Political Charities and the Brave New World of Professional Activism

This is part 2 of a series of articles entitled ‘Astroturfing the way for the Fourth Industrial Revolution’.
Here are the links to the other parts:


Previous:
0) Introduction: Some Inconvenient Truths about Extinction Rebellion and the Climate Mobilisation movement
1) Dr Gail Marie Bradbrook: Compassionate Revolutionary… for hire?
Next:
3) Green Gail and the Technocratic Industrialists: Citizens Online’s Digitopian Nightmare
4) Extinction Rebellion and the Theory and Practice of Oligarchical Collectivism
5) #XRSpaceJunk 5G & Citizens Online: Industry Agents, Digital Acolytes and State Agitators

BITC: the start of Gail’s career as ‘professional activist’

Gail’s career as ‘professional activist’ begins at Business in the Community, one of the Prince’s Charities.
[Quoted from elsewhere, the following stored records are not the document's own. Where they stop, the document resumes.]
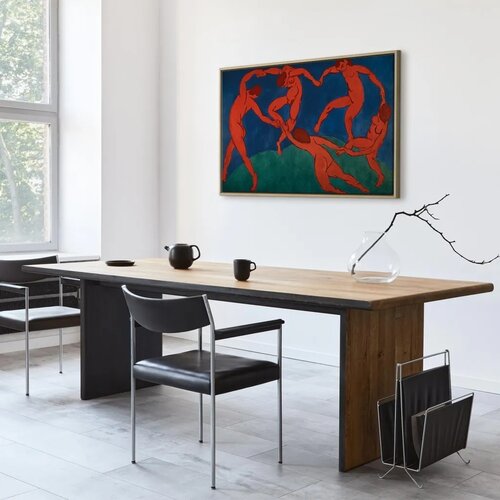  Slika - Henri Matisse &amp;ndash; Dance (II) 90x60 U prirodnom drvenom okviru Slike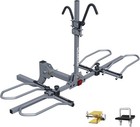 Premium 2 Fat e Bike Rack Carrier Vehicle Mount Truck Hitch Heavy Duty Folding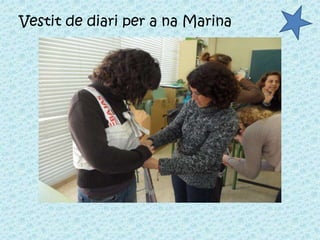 Vestit de diari per a na Marina<br />
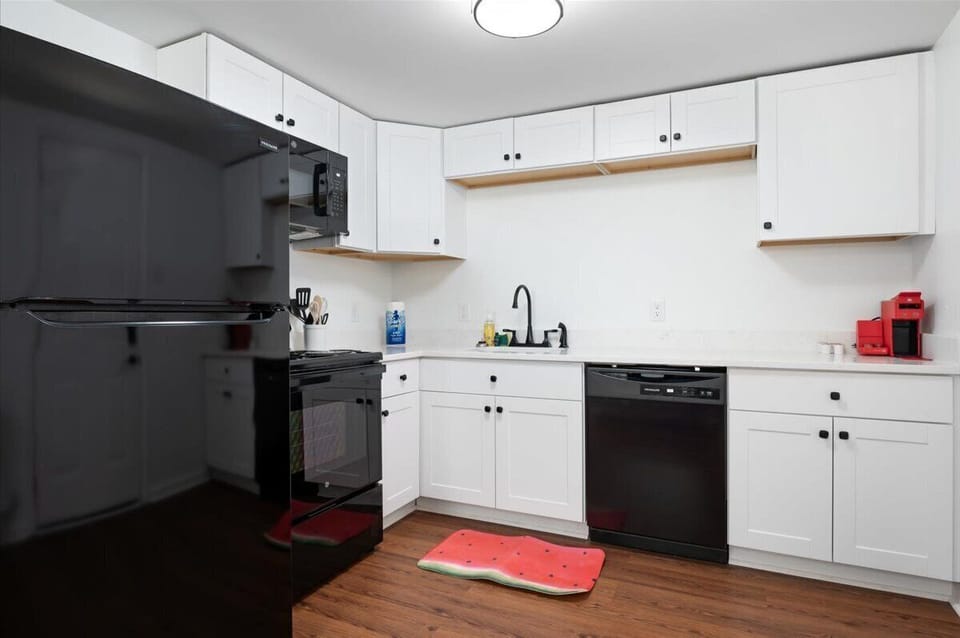 Kitchen in the Studio Apartment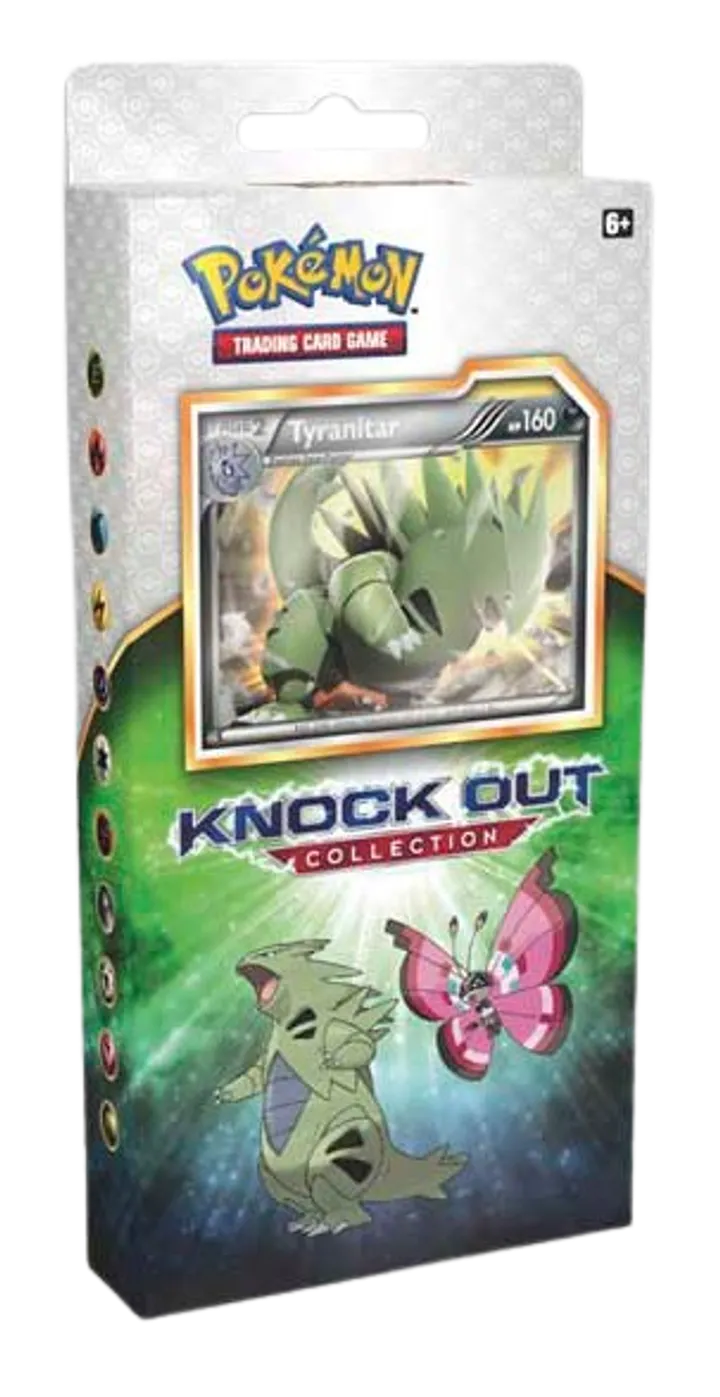 Knock Out Collection (Tyranitar, Shiftry, and Vivillon)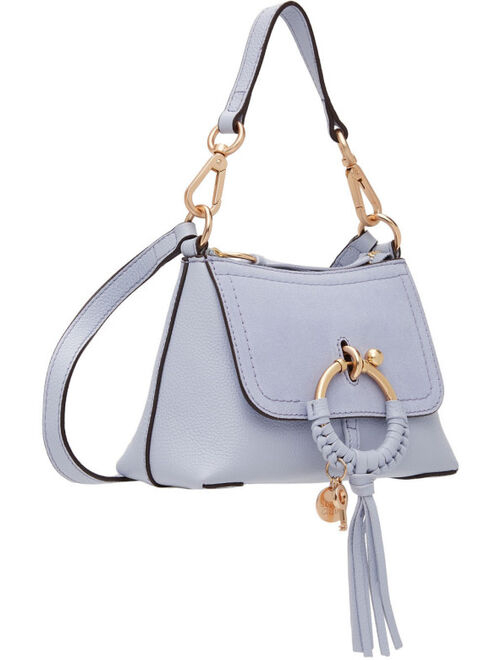 See by Chloé Blue Mini Joan Crossbody Bag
BITC describes itself as “the leading authority on corporate community involvement in the UK” and a “business-led membership organisation made up of progressive businesses”. Their president and patron is Prince Charles, of (the occupied territories of) Cymru (Wales).

Prince Charles himself is also ‘made up’ of equally progressive concepts,
such as the Divine Right of Kings, the right of conquest and of hereditary monarchy.

It has not been possible to find much about what Gail was doing for the BITC back in the early 2000s, as most of their online content from back then is no longer available. We were however able to find out that around that time, BITC were helping the Coca-Cola corporation to ‘enhance business-community relations’ in India. Today, together with all their corporate pals, they’re (with tedious predictably) pushing the glittering generalities of the UN’s ‘Sustainable Development Goals’ and are fully entrenched in the rhetoric of ‘smart climate growth’ – which means taking every opportunity to promote the benefits of using AI, smart-grid (5G) technology, and of course, ‘achieving zero carbon by 2030’.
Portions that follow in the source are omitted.